Stability Spectroscopy of Rotons in a Dipolar Bose Gas

TL;DR

This paper investigates the stability of a dipolar Bose-Einstein condensate with a roton-maxon spectrum under a weak lattice, revealing how certain lattice wavelengths induce instability, which can help measure the roton wavelength.

Contribution

It introduces a stability diagram method to directly measure the roton wavelength in quasi-one-dimensional dipolar Bose gases using lattice perturbations.

Findings

Instability occurs when lattice wavelength matches half the roton wavelength.

System destabilizes at low roton subharmonics.

Stability diagram can measure roton wavelength directly.

Abstract

We study the stability of a quasi-one-dimensional dipolar Bose-Einstein condensate (dBEC) that is perturbed by a weak lattice potential along its axis.
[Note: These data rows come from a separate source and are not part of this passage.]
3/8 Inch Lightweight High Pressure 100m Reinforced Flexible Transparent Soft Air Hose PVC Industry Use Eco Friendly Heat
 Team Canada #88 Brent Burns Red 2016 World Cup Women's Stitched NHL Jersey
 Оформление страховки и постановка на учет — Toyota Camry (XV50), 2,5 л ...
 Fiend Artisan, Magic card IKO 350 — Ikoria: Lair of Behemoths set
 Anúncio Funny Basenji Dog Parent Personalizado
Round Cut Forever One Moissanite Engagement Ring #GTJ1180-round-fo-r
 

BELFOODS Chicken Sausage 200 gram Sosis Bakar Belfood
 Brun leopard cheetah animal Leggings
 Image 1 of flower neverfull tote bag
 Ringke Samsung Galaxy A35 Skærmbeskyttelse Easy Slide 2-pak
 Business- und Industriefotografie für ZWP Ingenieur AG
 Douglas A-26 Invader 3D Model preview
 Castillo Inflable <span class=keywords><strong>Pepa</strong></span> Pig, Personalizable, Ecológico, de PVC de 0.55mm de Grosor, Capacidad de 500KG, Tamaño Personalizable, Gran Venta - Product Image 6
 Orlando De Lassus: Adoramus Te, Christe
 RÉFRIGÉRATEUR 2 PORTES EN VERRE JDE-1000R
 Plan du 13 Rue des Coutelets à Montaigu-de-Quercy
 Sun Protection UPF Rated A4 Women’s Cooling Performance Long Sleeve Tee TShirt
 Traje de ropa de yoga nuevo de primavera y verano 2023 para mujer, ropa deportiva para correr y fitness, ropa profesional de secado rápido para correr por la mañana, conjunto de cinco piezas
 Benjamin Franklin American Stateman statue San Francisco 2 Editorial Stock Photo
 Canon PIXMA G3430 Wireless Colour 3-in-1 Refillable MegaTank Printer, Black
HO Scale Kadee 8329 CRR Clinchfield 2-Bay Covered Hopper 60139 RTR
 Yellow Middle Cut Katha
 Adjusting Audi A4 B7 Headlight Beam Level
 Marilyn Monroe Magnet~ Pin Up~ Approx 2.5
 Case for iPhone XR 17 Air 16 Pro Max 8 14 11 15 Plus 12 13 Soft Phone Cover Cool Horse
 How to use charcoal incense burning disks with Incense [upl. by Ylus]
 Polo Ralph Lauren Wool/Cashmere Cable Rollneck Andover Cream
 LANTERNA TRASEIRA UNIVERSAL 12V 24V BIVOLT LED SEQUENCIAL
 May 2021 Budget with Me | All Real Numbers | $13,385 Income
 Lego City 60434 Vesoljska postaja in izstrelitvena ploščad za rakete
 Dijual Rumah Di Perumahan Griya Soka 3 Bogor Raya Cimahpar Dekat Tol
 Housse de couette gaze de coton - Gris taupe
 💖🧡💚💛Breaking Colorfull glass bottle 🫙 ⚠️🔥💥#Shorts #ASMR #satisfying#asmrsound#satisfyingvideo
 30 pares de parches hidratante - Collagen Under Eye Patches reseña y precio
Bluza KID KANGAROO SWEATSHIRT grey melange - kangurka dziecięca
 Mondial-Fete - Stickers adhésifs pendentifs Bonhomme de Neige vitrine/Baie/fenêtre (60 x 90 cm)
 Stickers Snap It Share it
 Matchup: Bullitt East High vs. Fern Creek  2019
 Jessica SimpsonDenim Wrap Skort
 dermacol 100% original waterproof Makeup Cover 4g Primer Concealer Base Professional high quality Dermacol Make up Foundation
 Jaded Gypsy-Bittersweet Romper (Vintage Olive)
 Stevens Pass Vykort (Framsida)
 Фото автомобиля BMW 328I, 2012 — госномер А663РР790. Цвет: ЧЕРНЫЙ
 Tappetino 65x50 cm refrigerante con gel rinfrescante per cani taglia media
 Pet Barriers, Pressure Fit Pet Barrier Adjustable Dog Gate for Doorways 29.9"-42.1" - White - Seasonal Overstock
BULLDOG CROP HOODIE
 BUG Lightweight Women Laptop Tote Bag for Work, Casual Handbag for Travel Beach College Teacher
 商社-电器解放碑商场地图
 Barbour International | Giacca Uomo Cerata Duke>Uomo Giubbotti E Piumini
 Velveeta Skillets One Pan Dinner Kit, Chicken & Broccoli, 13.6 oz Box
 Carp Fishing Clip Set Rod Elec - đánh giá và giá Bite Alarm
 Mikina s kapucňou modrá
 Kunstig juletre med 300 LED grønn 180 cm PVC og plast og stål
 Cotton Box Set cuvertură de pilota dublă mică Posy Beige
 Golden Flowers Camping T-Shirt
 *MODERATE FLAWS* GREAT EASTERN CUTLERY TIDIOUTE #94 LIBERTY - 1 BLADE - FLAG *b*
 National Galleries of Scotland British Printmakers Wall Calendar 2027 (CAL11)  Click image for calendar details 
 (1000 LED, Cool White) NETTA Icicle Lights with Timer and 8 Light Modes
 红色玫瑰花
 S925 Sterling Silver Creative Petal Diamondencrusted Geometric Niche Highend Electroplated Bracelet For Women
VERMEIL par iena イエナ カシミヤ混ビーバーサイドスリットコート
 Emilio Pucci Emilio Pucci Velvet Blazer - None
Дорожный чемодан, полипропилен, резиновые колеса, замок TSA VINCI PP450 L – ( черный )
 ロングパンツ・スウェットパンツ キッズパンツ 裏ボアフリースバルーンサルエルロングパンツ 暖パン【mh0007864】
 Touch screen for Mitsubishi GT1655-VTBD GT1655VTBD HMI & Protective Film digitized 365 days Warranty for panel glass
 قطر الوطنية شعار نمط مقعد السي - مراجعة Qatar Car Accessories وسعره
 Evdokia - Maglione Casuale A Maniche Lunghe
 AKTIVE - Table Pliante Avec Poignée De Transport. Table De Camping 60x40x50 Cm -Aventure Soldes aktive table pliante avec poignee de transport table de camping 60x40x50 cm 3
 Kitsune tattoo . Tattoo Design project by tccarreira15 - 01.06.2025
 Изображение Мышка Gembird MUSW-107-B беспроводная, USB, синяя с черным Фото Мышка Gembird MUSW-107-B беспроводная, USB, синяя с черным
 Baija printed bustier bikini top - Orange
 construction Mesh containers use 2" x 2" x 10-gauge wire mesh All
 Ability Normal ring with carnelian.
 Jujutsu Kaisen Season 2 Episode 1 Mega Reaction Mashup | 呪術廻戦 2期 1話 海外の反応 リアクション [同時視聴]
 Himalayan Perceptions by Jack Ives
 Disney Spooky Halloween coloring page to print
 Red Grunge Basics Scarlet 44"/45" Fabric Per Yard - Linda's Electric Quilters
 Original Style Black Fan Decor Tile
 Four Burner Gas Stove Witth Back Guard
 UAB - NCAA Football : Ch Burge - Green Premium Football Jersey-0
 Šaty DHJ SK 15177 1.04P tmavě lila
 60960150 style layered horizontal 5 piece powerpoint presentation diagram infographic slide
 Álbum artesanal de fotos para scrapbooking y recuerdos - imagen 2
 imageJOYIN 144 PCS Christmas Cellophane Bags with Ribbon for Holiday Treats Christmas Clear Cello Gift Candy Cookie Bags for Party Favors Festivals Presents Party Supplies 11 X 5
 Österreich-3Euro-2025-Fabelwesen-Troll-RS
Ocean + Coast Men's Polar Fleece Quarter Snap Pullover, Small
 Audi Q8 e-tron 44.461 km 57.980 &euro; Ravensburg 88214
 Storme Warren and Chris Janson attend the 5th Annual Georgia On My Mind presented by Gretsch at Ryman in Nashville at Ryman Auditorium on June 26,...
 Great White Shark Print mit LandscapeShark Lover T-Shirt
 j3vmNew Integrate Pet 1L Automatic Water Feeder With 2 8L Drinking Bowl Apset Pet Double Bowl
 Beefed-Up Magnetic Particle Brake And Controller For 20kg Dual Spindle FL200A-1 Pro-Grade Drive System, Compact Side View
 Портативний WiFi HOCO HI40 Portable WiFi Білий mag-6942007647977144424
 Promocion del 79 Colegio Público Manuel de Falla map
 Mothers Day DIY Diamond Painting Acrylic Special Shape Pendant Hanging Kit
Our numerical simulations demonstrate that systems exhibiting a roton-maxon structure destabilize readily when the lattice wavelength equals either half the roton wavelength or a low roton subharmonic. We apply perturbation theory to the Gross-Pitaevskii and Bogoliubov de Gennes equations to illustrate the mechanisms behind the instability threshold. The features of our stability diagram may be used as a direct measurement of the roton wavelength for quasi-one-dimensional geometries.